Task prompt ▸ Repeat the records below verbatim, and do not copy their pictures.

*** Dataset content

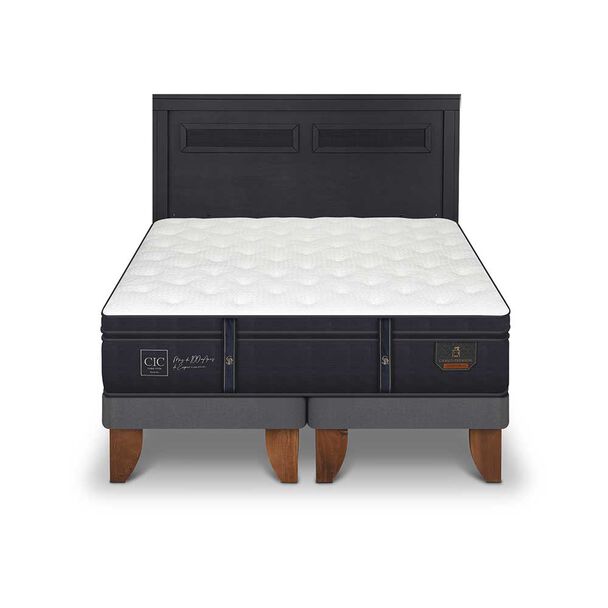 Cama Europea CIC Base Dividida 2 Plazas Grand Premium + Respaldo Milan Negro
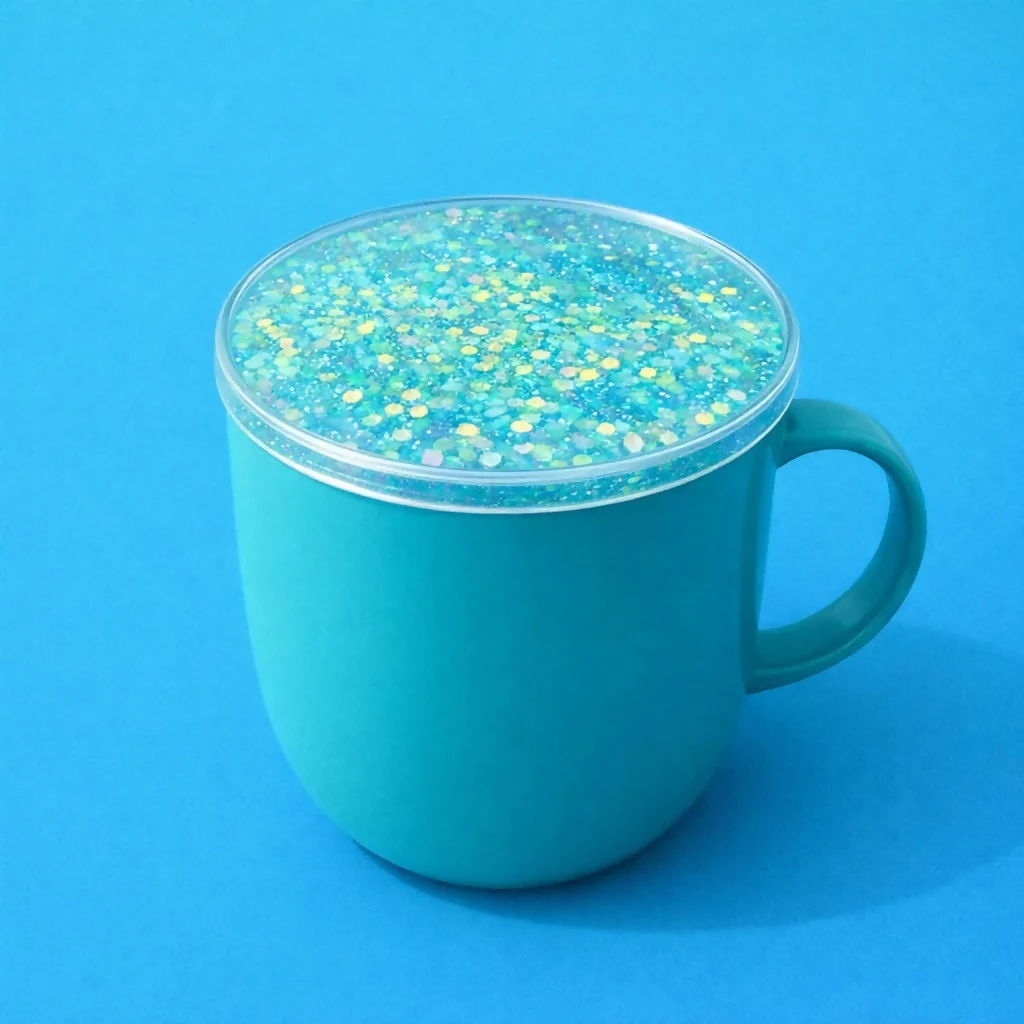 Light Blue Glitter Liquid Coaster Set Decorative Heat Resistant Cup Mat - Image 3
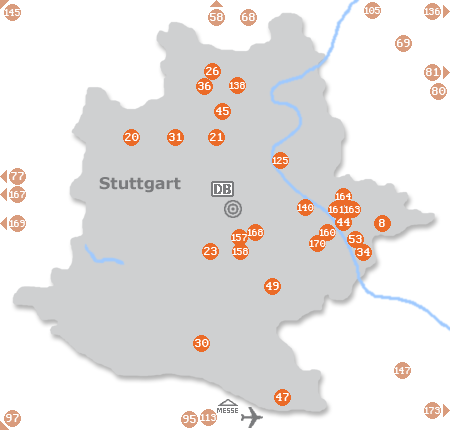 Karte mit Pensionen und anderen Unterkünften in Stuttgart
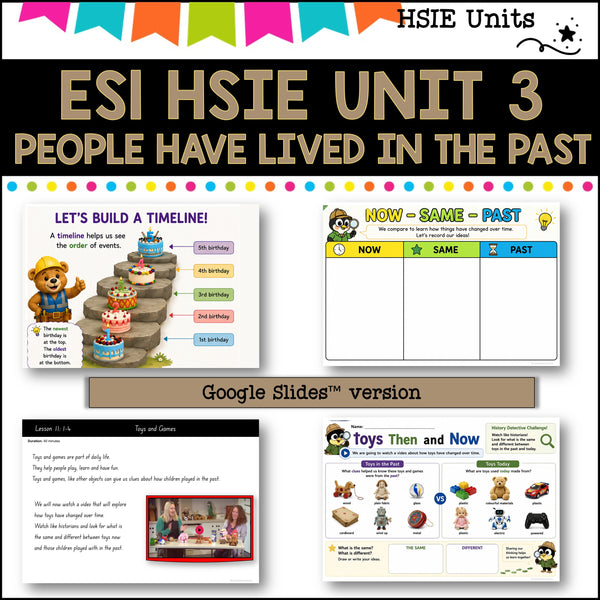 ES1 UNIT 3 NSW DET aligned HSIE Complete Unit- People have lived in the past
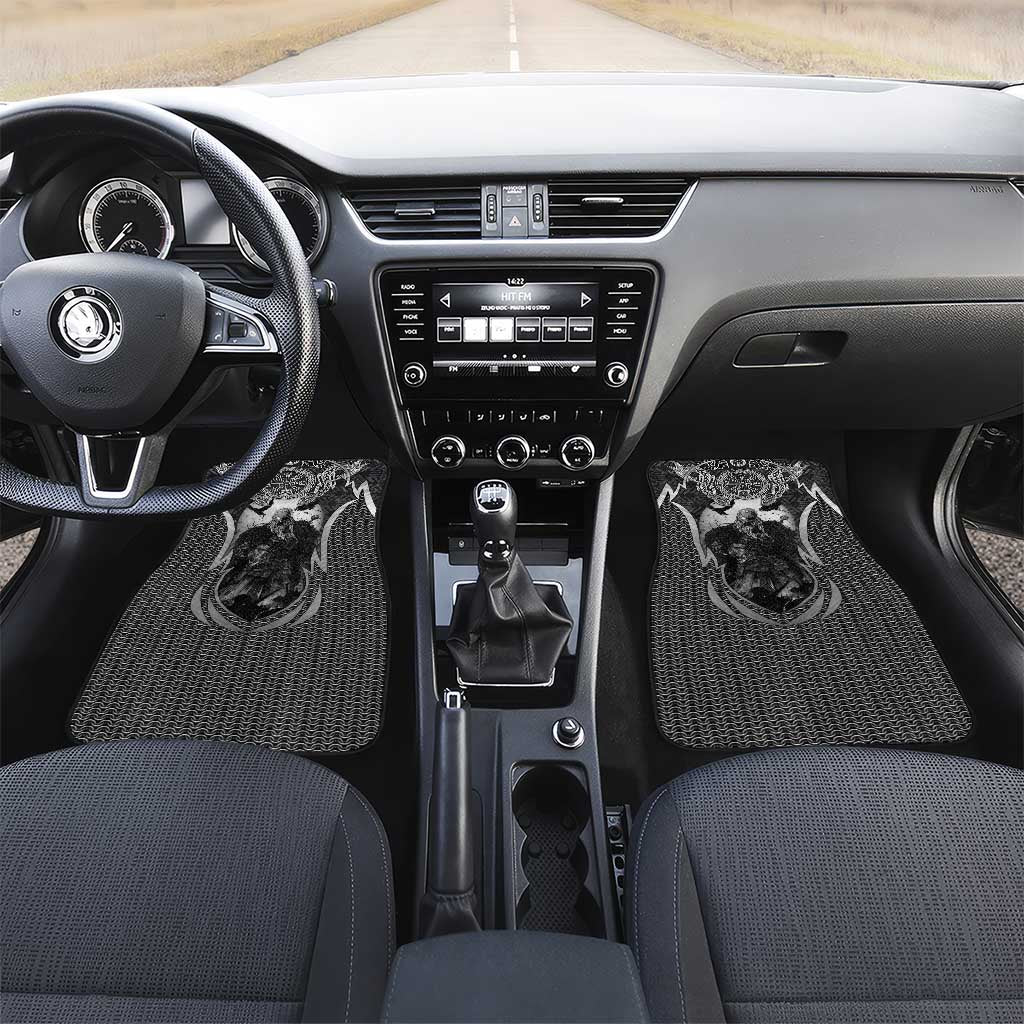Odin and Viking Warrior Norse Mythology Car Mats Realistic Black and Grey Tattoo Style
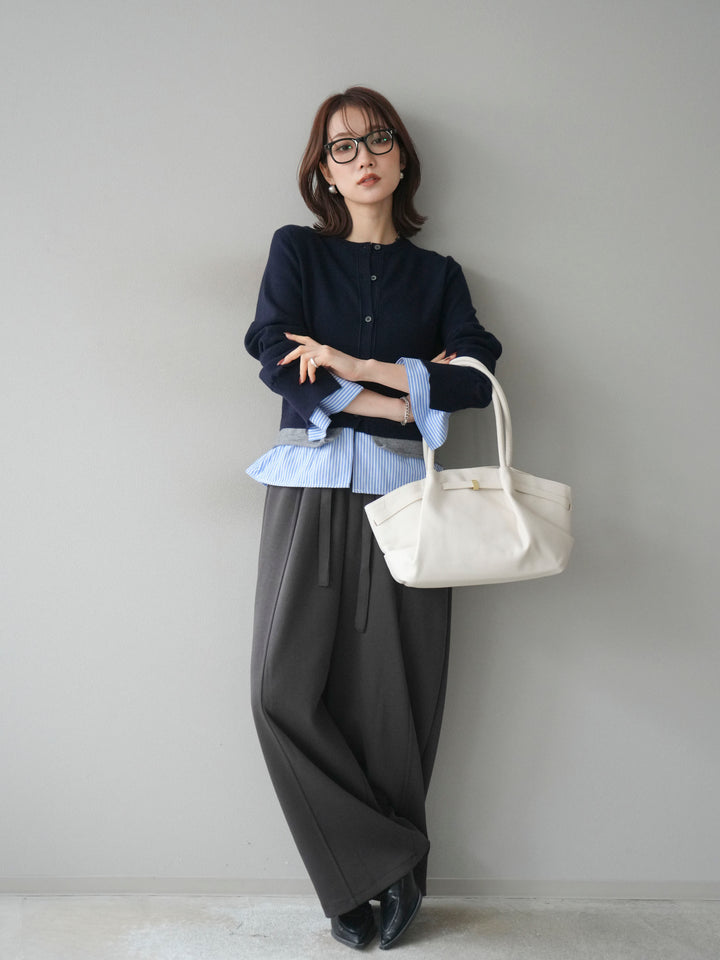 [SET]シャツ襟レイヤードニットカーディガン+ベルト付スウェットワイドパンツ(2set)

******

Exercise result ▸
 Cama Europea CIC Base Dividida 2 Plazas Grand Premium + Respaldo Milan Negro
 Light Blue Glitter Liquid Coaster Set Decorative Heat Resistant Cup Mat - Image 3
 Karte mit Pensionen und anderen Unterkünften in Stuttgart
 ES1 UNIT 3 NSW DET aligned HSIE Complete Unit- People have lived in the past
Odin and Viking Warrior Norse Mythology Car Mats Realistic Black and Grey Tattoo Style
 [SET]シャツ襟レイヤードニットカーディガン+ベルト付スウェットワイドパンツ(2set)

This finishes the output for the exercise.